Single by DJ Khaled featuring Kanye West, Consequence and John Legend

from the album Listennn... the Album and Don't Quit Your Day Job!
- Released: July 1, 2006
- Recorded: September 2005
- Genre: Hip-hop
- Length: 3:24
- Label: Terror Squad; Koch;
- Songwriters: Kanye West; Dexter Mills; John Stephens;
- Producers: West; Jon Brion;

DJ Khaled singles chronology
| "Holla at Me" (2006) | "Grammy Family" (2006) | "Born-N-Raised" (2006) |

Kanye West singles chronology
| "Drive Slow" (2006) | "Grammy Family" (2006) | "Number One" (2006) |

John Legend singles chronology
| "So High" (2005) | "Grammy Family" (2006) | "Save Room" (2006) |

= Grammy Family =

"Grammy Family" is the second single from the American rapper DJ Khaled's debut album, Listennn... the Album. The single features and was written by Kanye West, Consequence and John Legend; Jon Brion assisted West in producing the track. The song also appears on Consequence's album Don't Quit Your Day Job! (2007).
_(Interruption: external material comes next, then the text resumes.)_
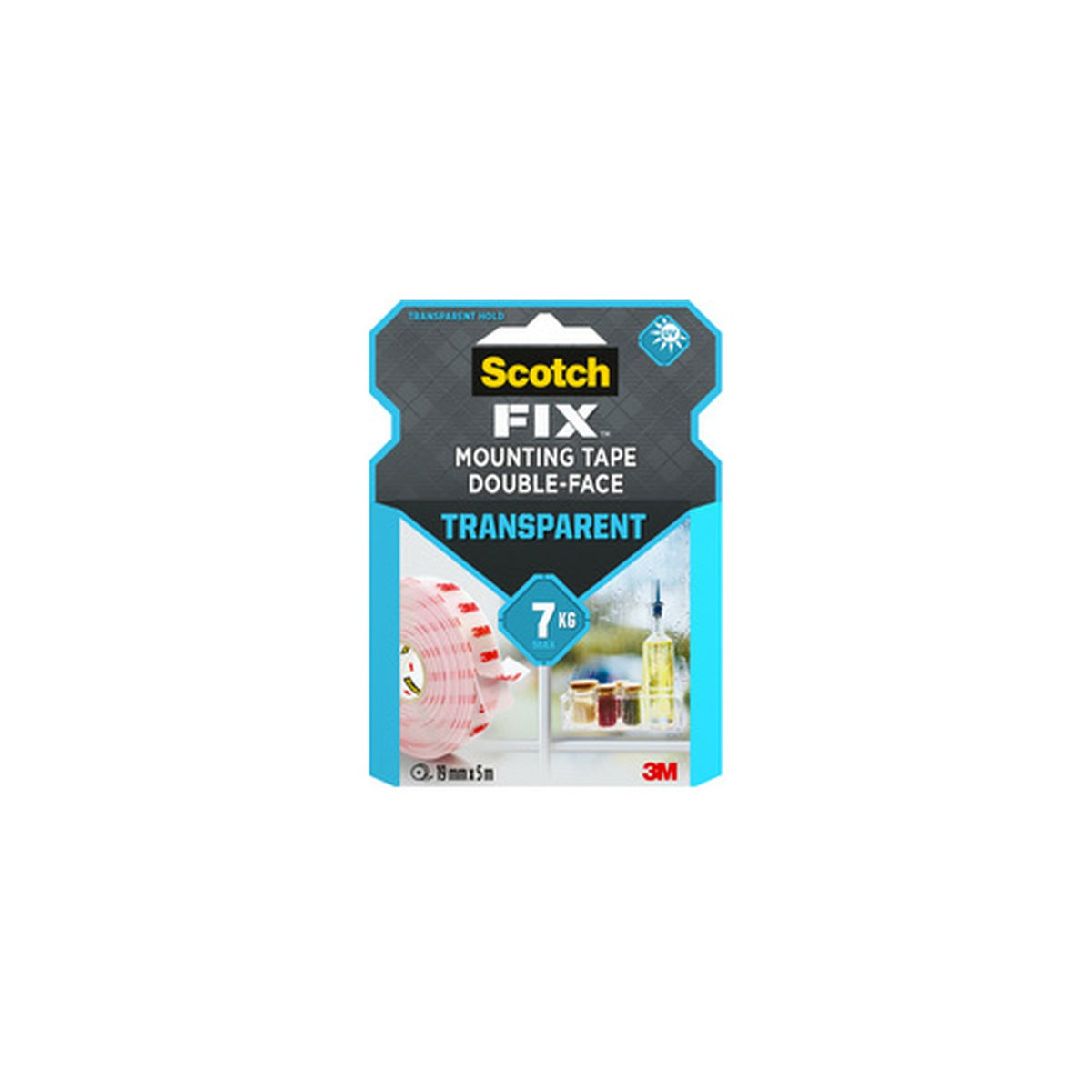 3M Ruban adhésif de fixation Scotch-Fix transparent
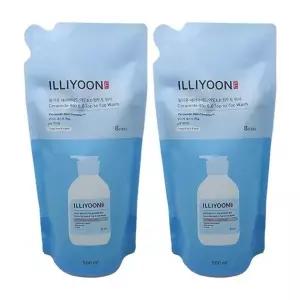 일리윤 세라마이드 아토 6.0 탑투토 워시 무향 500ml(리필) 올인원 샴푸겸용 바디워시 2개 Ss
The music video features cameos from Fat Joe, Common, and Rick Ross, among others.

==Track listing==
CD single
1. "Grammy Family" (Clean) – 3:26
2. "Grammy Family" (Explicit) – 3:26
3. "Grammy Family" (Instrumental) – 3:26

==Chart performance==
On the week that it was officially released as a single, "Grammy Family" debuted and peaked at number 24 on the US Bubbling Under R&B/Hip-Hop Singles chart.